- XAU/EUR has continued its run higher and is now above $1,620 amid continued inflation fears.
- Bullish technicians will now target a move towards Q4 2020 highs at $1,650.
Since breaking above key resistance at $1,590 (the prior 2021 high) and then the psychologically important $1,600 level on Wednesday in wake of a much hotter than expected US inflation report, XAU/EUR has continued to advance. Euro-denominated spot gold prices now trade to the north of $1,620, with further gains of about 0.7% on the day (after rallying nearly 2.00% on Wednesday). Now that XAU/EUR has cleared prior year-to-date highs and the $1,600 level, bullish technicians will set their sights on the next key area of resistance, which comes in the form of the Q4 (November) 2020 highs at just above $1,650.

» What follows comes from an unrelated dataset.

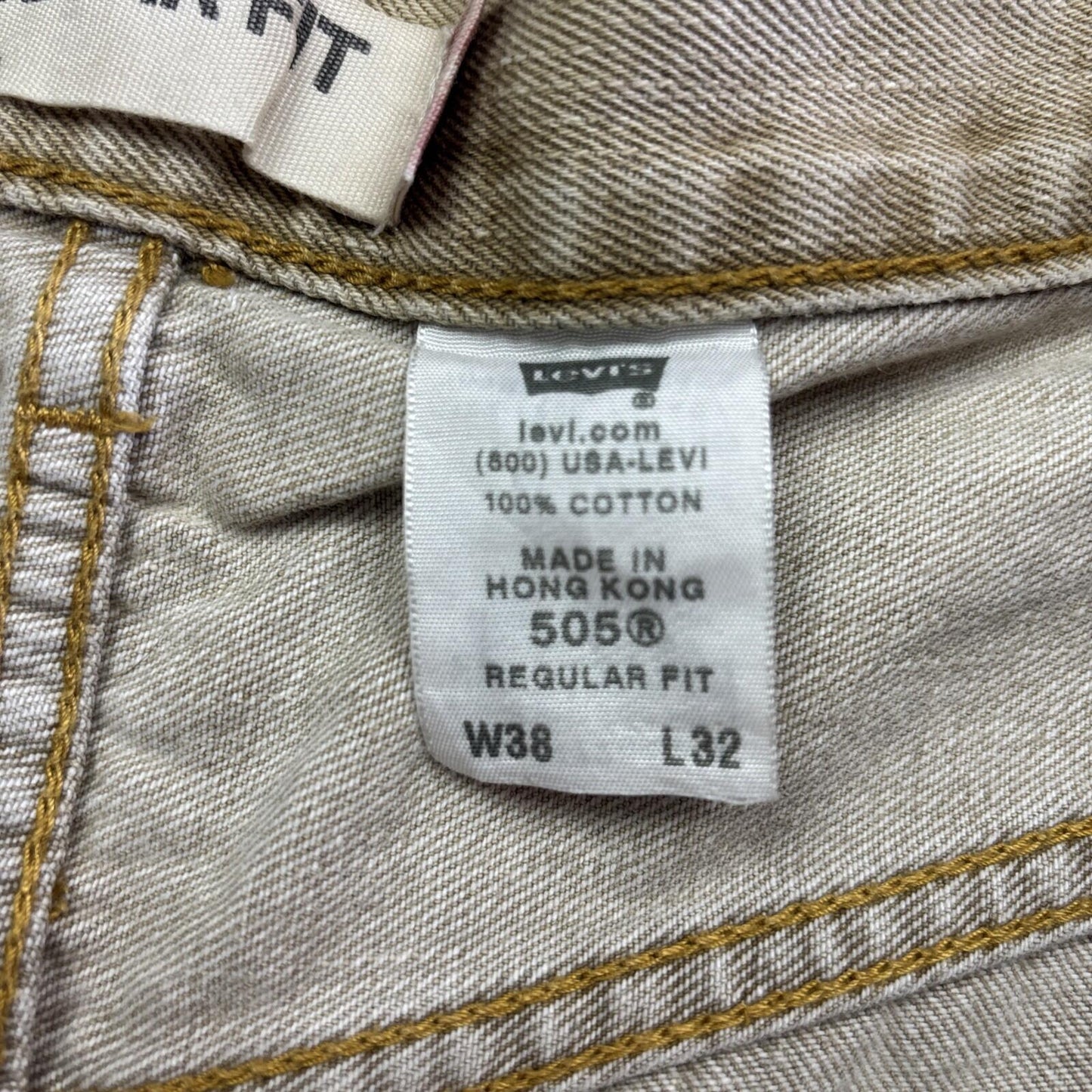 Tan Levi’s 505 Cut Off Denim Jean Shorts | W38"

Since bouncing from its 50-day moving average on 3 November all the way down at $1,520, euro-denominated spot gold prices have surged nearly 7.0%. That coincides with a sharp downturn in Eurozone (and global) real yields; German 10-year inflation-linked bond yields are down more than 20bps from above -1.80% (on 3 November) to current levels below -2.0% and hit fresh record lows earlier in the week at -2.09%. Lower real yields on bonds reduce the opportunity cost of holding non-yielding precious metals.
Inflation anxiety
Record low long-term real yields in the Eurozone (and not far from record lows in the US) also reflect a market view that central banks are going to keep their monetary policy settings highly accommodative over the coming years, despite the sharp uptick in global inflationary pressures in recent months. There are going fears that this might constitute a policy mistake; i.e. that central banks might make a dovish policy mistake and not normalise monetary policy setting quickly enough to tame inflationary pressures.
Such fears were ignited by Wednesday’s US inflation report and prompted a number of high-profile market commentators and investment advisors to call for the Fed to abandon its insistence that inflationary pressures are transitory and to accelerate the timeline of monetary policy normalisation (i.e. the QE taper and then rate hikes). In light of heightened inflation fears, it is not surprising to see investors flock to assets that provide inflation protection, such as precious metals and inflation-linked bonds.